Hiburan yang dilakukan di amben atau bale disebut sebagai sasamben oleh para pemuda kala itu yang banyak diikuti budak perkebunan kopi atau para bujang (anak laki-laki). Karenannya, seni hiburan tersebut diberi nama sasamben budak bujang atau disingkat menjadi Benjang.
Sekiranya di abad ke-20 lalu, seni Benjang mulai berasimilasi dengan seni Terebangan, tabuhan bernafaskan Islam menggunakan sejenis rebana sebagai alat musiknya.
Perpaduan musik dengan seni beladiri Gedut hasil pengembangan dari Rudat, membuat perkembangan kesenian menjadi Benjang Gelut (berkelahi) sebagai gulat tradisional sekiranya pada 1923 lalu.
Salah seorang pegiat seni Benjang, Ade Sutaryana (46), Ketua Grup Lingkung Seni Setia Wargi dari Desa Ciporeat, Kecamatan Cilengkrang, Kabupaten Bandung itu mengaku, sampai saat ini hiburan yang dibuat oleh para leluhur itu masih eksis hingga saat ini.

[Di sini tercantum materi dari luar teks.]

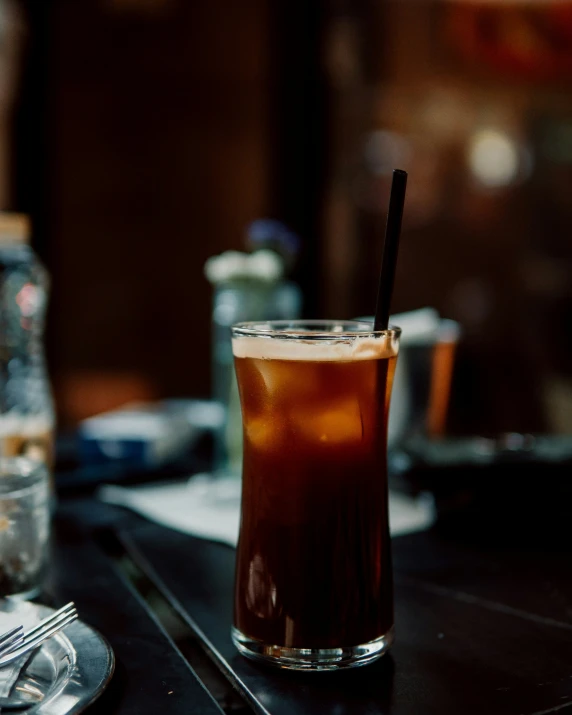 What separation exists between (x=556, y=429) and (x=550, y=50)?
182 centimetres

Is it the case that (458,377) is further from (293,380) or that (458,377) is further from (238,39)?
(238,39)

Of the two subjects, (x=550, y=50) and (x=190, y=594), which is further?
(x=550, y=50)

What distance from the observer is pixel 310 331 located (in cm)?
66

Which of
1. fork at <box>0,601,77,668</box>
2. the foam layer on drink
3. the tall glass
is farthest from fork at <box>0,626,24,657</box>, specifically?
the foam layer on drink

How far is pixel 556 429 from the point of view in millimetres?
3264

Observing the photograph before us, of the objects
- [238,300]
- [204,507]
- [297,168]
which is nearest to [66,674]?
[204,507]

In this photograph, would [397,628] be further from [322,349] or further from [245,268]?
[245,268]

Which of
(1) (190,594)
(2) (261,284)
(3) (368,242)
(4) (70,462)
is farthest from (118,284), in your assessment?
(1) (190,594)

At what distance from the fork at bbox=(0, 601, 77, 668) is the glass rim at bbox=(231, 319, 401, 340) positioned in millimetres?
262

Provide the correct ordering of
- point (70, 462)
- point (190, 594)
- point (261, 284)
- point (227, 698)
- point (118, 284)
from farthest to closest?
point (118, 284) → point (70, 462) → point (261, 284) → point (190, 594) → point (227, 698)

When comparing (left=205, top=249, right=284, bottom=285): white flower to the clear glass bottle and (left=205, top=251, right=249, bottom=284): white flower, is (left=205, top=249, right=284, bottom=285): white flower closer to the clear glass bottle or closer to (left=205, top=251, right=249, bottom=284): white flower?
(left=205, top=251, right=249, bottom=284): white flower

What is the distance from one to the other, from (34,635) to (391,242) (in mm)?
410

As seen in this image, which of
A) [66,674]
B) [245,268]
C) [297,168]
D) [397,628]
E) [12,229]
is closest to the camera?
[66,674]

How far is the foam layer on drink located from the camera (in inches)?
25.5
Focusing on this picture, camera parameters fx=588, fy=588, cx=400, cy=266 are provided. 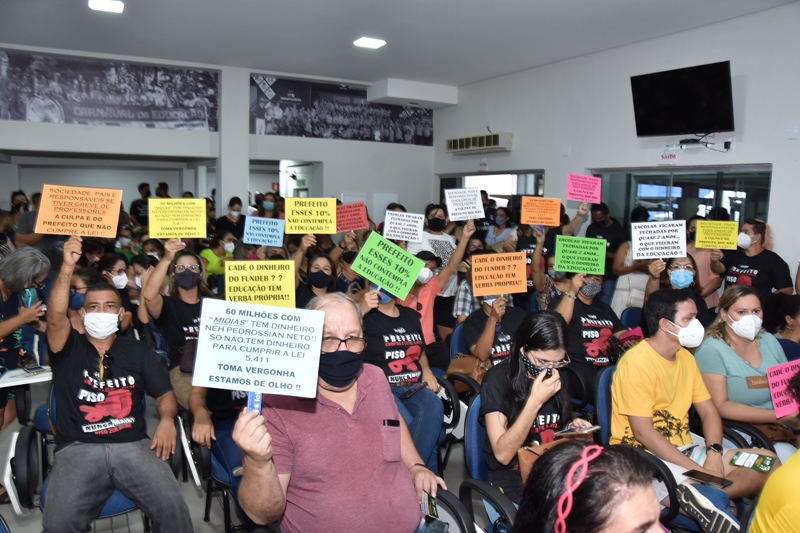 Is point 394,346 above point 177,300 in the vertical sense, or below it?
below

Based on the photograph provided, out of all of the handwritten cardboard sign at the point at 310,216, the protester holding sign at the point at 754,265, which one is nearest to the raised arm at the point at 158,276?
the handwritten cardboard sign at the point at 310,216

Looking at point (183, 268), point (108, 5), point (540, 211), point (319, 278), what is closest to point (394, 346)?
point (319, 278)

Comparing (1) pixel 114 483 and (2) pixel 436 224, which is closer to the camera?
(1) pixel 114 483

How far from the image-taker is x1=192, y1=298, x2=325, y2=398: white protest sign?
170 centimetres

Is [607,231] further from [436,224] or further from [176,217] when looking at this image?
[176,217]

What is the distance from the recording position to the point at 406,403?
361cm

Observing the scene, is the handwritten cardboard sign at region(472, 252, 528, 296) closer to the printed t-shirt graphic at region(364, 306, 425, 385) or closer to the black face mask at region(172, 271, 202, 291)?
the printed t-shirt graphic at region(364, 306, 425, 385)

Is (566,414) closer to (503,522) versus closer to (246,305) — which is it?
(503,522)

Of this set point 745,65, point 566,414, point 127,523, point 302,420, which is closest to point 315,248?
point 127,523

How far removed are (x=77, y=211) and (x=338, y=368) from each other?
2060mm

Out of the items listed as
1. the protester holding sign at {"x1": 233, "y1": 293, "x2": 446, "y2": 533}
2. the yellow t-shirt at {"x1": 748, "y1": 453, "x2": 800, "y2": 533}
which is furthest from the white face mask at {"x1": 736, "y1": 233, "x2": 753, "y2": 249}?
the protester holding sign at {"x1": 233, "y1": 293, "x2": 446, "y2": 533}

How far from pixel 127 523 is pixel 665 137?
749 centimetres

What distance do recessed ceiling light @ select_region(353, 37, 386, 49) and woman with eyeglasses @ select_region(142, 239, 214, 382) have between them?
536 cm

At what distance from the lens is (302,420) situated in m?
2.07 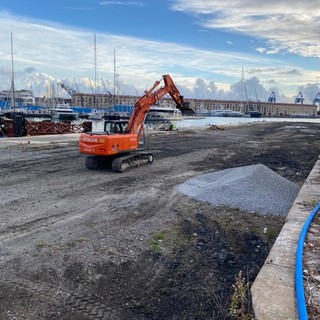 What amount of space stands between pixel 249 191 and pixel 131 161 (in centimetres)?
596

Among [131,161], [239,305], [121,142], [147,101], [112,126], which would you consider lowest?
[239,305]

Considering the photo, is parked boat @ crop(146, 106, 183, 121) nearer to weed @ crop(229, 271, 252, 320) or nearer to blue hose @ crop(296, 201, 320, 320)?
blue hose @ crop(296, 201, 320, 320)

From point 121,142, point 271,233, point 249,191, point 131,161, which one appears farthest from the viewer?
point 131,161

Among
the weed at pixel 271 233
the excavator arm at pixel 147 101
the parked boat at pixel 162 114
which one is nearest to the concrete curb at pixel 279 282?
the weed at pixel 271 233

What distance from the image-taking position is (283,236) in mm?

“Guru kabuhun yang paling populer di kalangan seni Benjang itu bernama Abah Wasim,” kata Ade yang mengenakan Pangsi alias pakaian lengkap adat Sunda.
Tokoh besar seni Benjang itu dikatakan Ade, perjalanannya diteruskan oleh cucu murid bernama Abah Iling dalam mempopulerkan seni Benjang.
Tak berhenti di era Abah Iling, perjalanan seni Benjang khususnya di wilayah Kabupaten Bandung dilanjutkan oleh para muridnya yakni Abah Ucun dan Abah Iyeng dengan bentukan grup bernama Mekar Budaya.
Pertunjukan yang biasa digelar malam hari itu mengalami perjalanan cukup panjang, sampai akhirnya saat ini banyak dikenal bahwa seni Benjang merupakan pertunjukan hiburan rakyat dengan bermacam atraksi di berbagai acara.